You're still triyng to hoist tools on me for no good reason. Why can't I just work with my old tools that have worked fine for decades?

Seems more people than I thought are bothered by the extra secound or two it takes for AppImages to start.
Forget that extra second or two. We don't know what linuxvangog tested.

Here are a couple facts: If appimage decompresses the whole image at startup, it is absolutely not suitable for games.

Why? Well, where you store the decompressed version? On the disk? IO is still comparatively slow. Decompressing and writing a 10-gigabyte on the disk game *will* take more than a couple seconds even on a fast SSD.

The other alternative is to decompress it into RAM. Thus RAM reqiurements for the games will absolutely skyrocket, for no good reason. And I still have a hard time believing you could read and decompress 10 gigabytes of data even with a reasonably fast SSD.

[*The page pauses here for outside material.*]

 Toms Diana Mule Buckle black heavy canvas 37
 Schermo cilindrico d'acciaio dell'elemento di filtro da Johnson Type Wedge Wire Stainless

There is the possibility of decompressing only the data that is accessed, when it is accessed. But there is another problem with compression; the industry has been for long headed into streaming asssets. If we're going towards the system John Carmack envisioned, we'd mmap assets into GPU-accessible memory, then let the GPU generate page faults, which then result in automatically loading the relevant page of the asset directly from the disk. That is the simplest and likely the fastest way to stream assets into a game, *and* it will reduce memory pressure as the VM subsystem can page out unused data automatically. This works best when the assets are stored on disk in the same format the GPU uses for rendering; a layer of compression will get in the way. It's technically possible to have the page fault handler decompress data for you (and indeed fuse appears to make it possible even with userspace fault handlers), but it's quite nasty, eliminates the most direct DMA path from disk to GPU, and will tax the CPU on a game that might already be stressing the CPU hard enough.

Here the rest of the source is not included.